Лишив христиан своей высокой милости, император Юлиан не стал их преследовать. Он вернул из ссылки епископов-ариан, и тотчас же церковь Христову стали раздирать внутренние распри.
В 1874 году Эрнест Ренан писал с глубоким знанием религиозных вопросов:
«Свобода, я подразумеваю истинную свободу, при которой уже невозможны ни покровительство, ни преследование, нарушит религиозное единство в его опаснейшем выражении. Католическое единство… основывается только на покровительстве государств… Конкордат весьма полезен церкви, ибо, заключая его, государство дает определенные гарантии и этим прикрывает религию даже тогда, когда на деле преследует ее. Мудрость заключается в том, чтобы уничтожить одним ударом и гарантии и стеснительные для церкви законы. Распри — вот основная слабость крупной религиозной общины, у которой нет внешней силы, чтобы поддержать свое единство. Религиозная община обычно владеет имуществом и имеет юридическое лицо. Раскол церкви невозможен до тех пор, пока государственная власть поддерживает ее, заявляя, например, что считает католиками лишь тех, кто чтит папу и признает те или иные догматы. Но в тот день, когда государство перестанет придавать догматическое значение наименованию церквей, в тот день, когда оно разделит принадлежащую им собственность соразмерно их числу, когда спорящие стороны предстанут перед судом и скажут, что не могут больше жить вместе, все сразу изменится»
[692].А если враждующие церкви пожелают призвать государство в качестве судьи, то государство может ответить на их мольбы мудрыми словами проконсула Ахайи
[693]:«Если бы какая-нибудь была обида или злой умысел, то я имел бы причину выслушать вас, но когда идет спор об учении и об именах и о законе вашем, то разбирайтесь сами; я не хочу быть судьею в этом»
[694].После того как Бонапарт восстановил во Франции католическое вероисповедание, все последующие правительства лишь увеличивали богатство и власть церкви, и не всегда из благочестия или желания ей служить. Несмотря на свою любовь к церкви, Реставрация сделала для нее меньше, чем сделали из корысти и страха Июльское правительство и Вторая империя. И, конечно, какой-нибудь Виллель не мог оказать ей таких же огромных услуг, как Гизо
[695]. Что касается Третьей республики, то она появилась на свет среди мук Версальского собрания, отдавшего Францию во власть ордена Сердца Иисусова, она выросла под угрозой римской опасности, которую не всегда могла предотвратить и которой не всегда умела смотреть в лицо; опасность эта до сих пор еще тяготеет над ней.Затвердевшая оболочка слов, выражающих живые понятия, направляет мысль по ложному пути и служит причиной многих ошибочных суждений.

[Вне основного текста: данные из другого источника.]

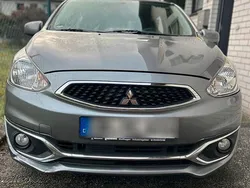 Grau Gebraucht 2016 Mitsubishi Space Star Edition Kleinwagen | 3.500 € (Superpreis)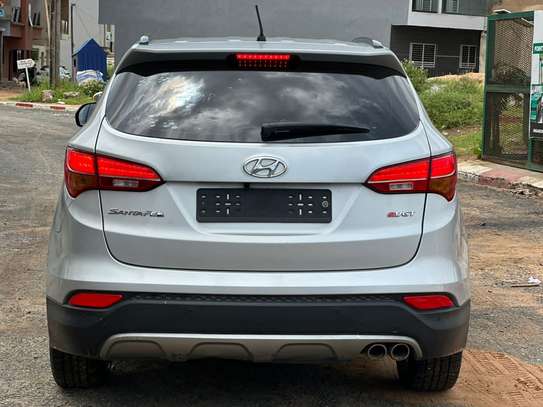 Hyundai Santa Fe 2015 image 11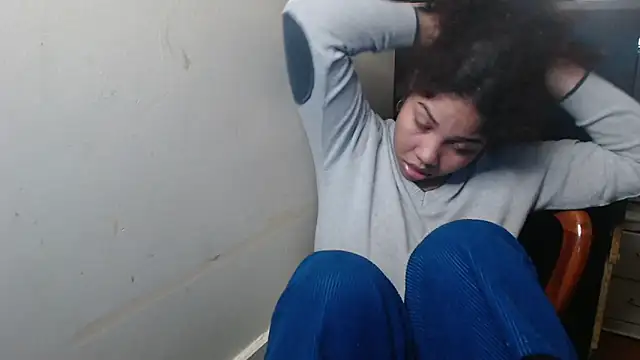 madelene online show from 11-11-25, 01:27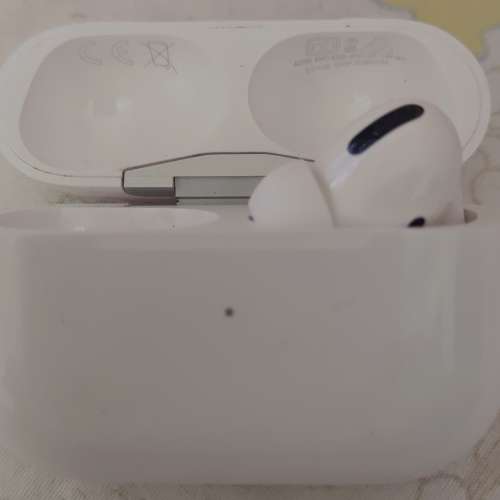 放Airpods pro(右耳+電盒）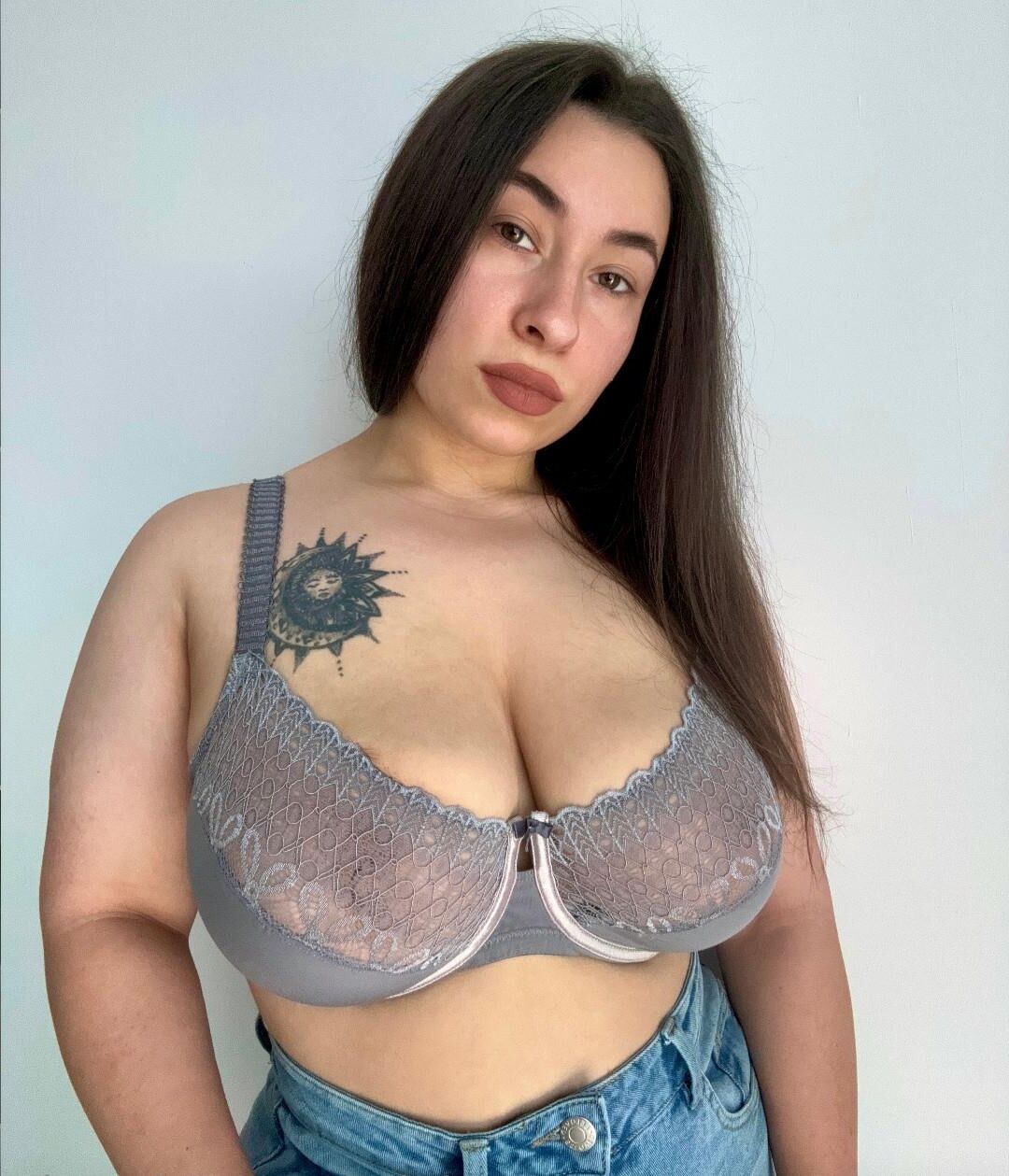 Petite Pawg Tits Saggy Milf Trixy Taylor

Слова «папа» и «церковь» остались, но они почти не отражают тех понятий, которые существовали сто и даже каких-нибудь тридцать лет тому назад. После 1869 года, после Ватиканского собора и ухода верховного первосвященника в свою духовную крепость родилось новое папство. На смену папе-королю пришел папа-бог. Новый догмат непогрешимости, казавшийся сначала плодом религиозного помешательства, был на самом деле ловким политическим ходом.

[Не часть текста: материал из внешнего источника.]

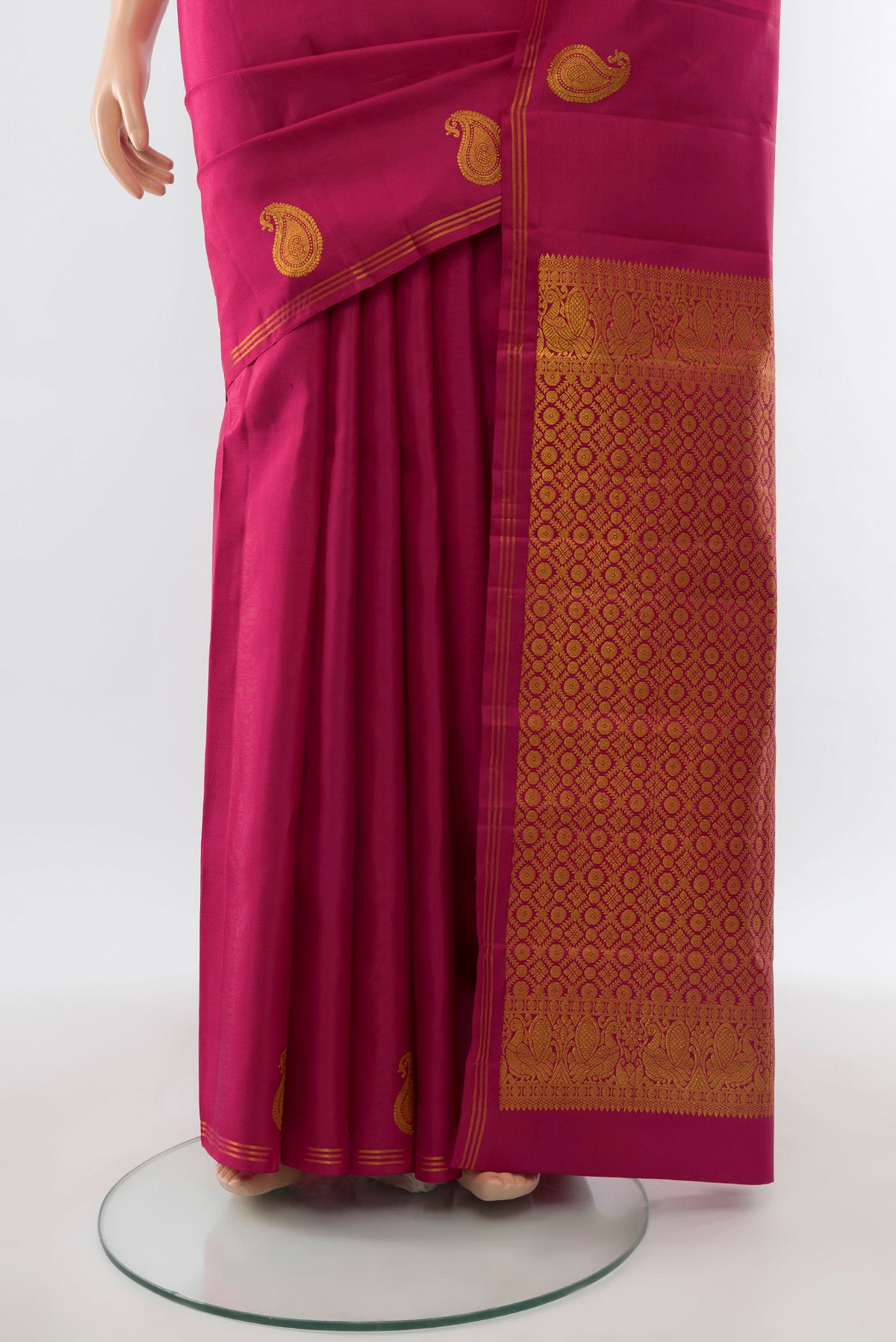 Pleats and pallu of Dark Pink Kanchipuram Silk Saree with Plain Body and Thin Zari Line.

Обнародованный в то время, когда Пий IX терял последние крохи своих королевских владений, этот догмат заменял утраченное господство над легациями временным господством над всем миром. Навсегда исчезая в Ватикане, этом неприступном, чуть ли не призрачном дворце, папа, казалось, говорил:
— Пусть я отдам Рим нечестивцам и меня нигде но будет на земле, я все же останусь повсюду, и моим Римом будет весь мир.

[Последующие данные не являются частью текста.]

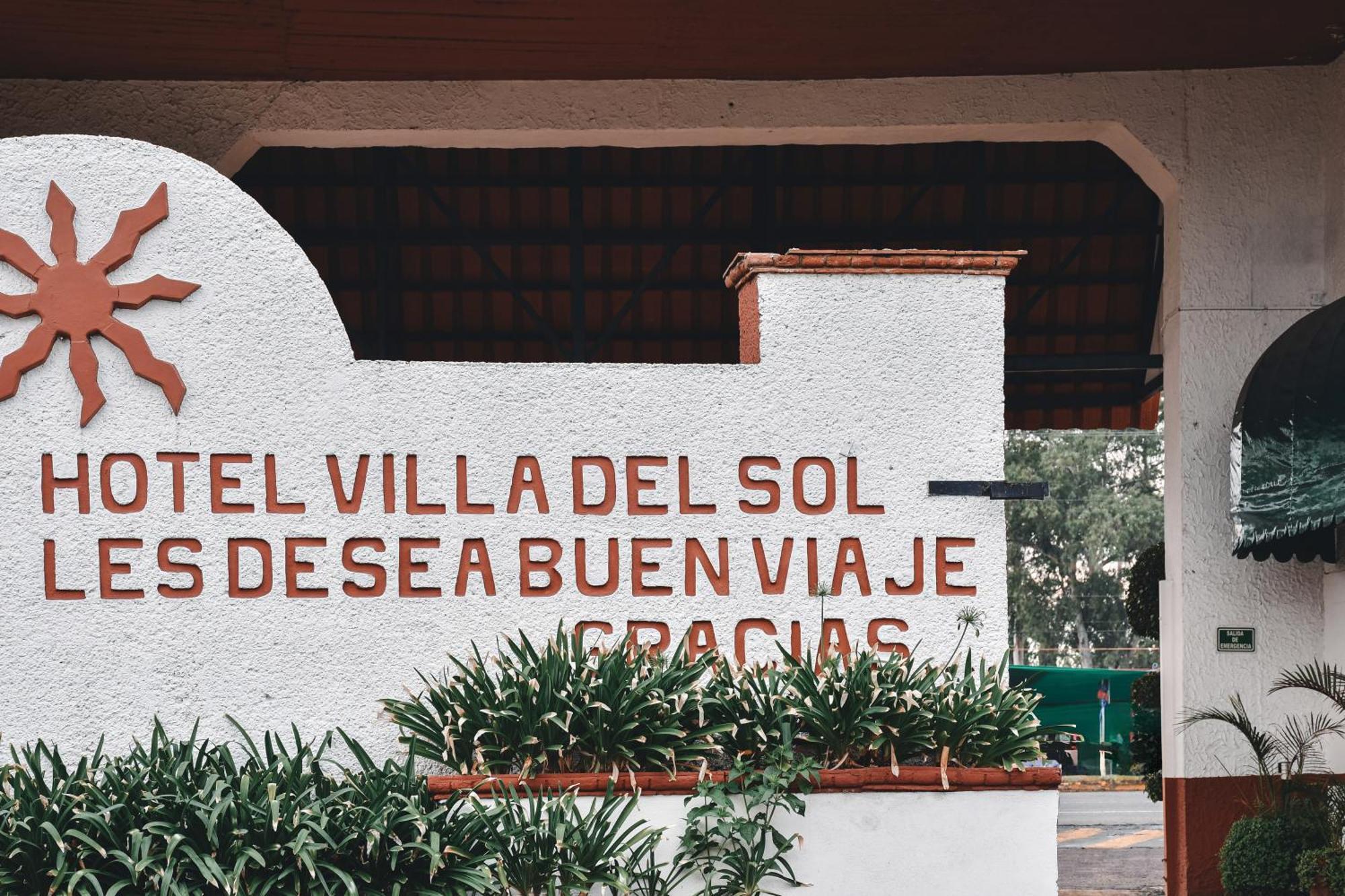 Hotel & Suites Villa Del Sol موروليا المظهر الخارجي الصورة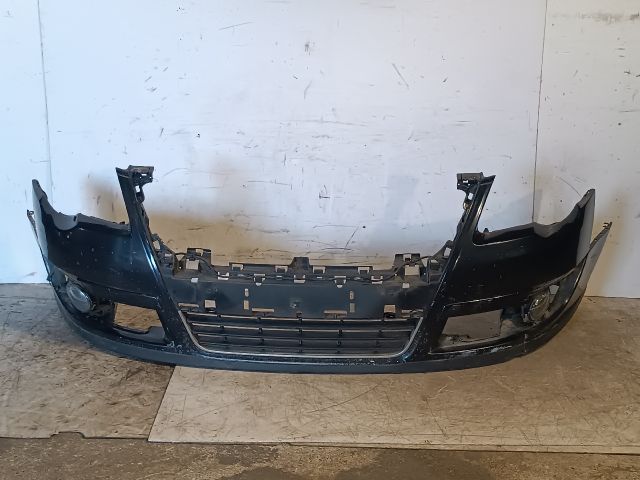 bontott VW PASSAT B6 Első Lökhárító (Részeivel)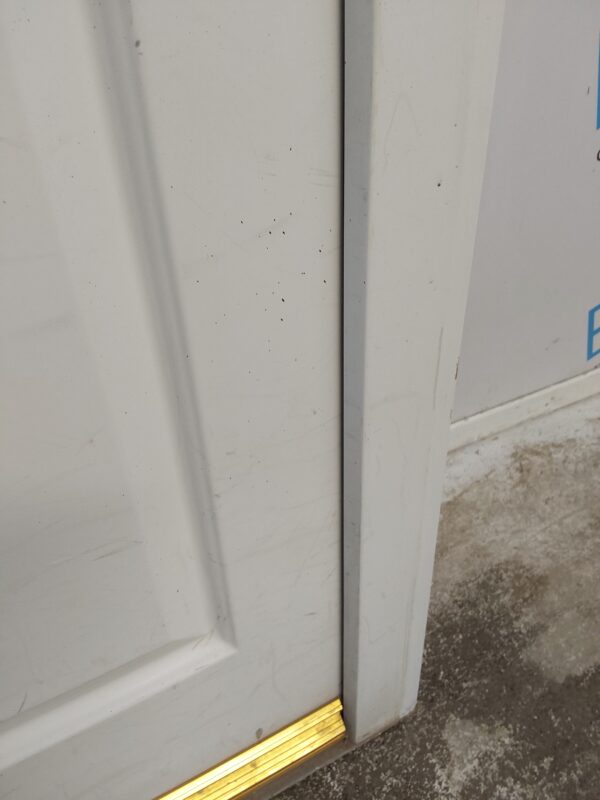 Used White Upvc Front Door 870mm x 2095mm 0732 - Image 6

Что за неудержимая экспансия отрешившегося от материальной оболочки папства! Но если непогрешимость папы в делах веры относится к области теологии, то непогрешимость папы в делах нравственности относится к области политики; это власть над душами людей, это захват светского руководства обществом, это Силлабус, навязанный государством в виде конституционного акта.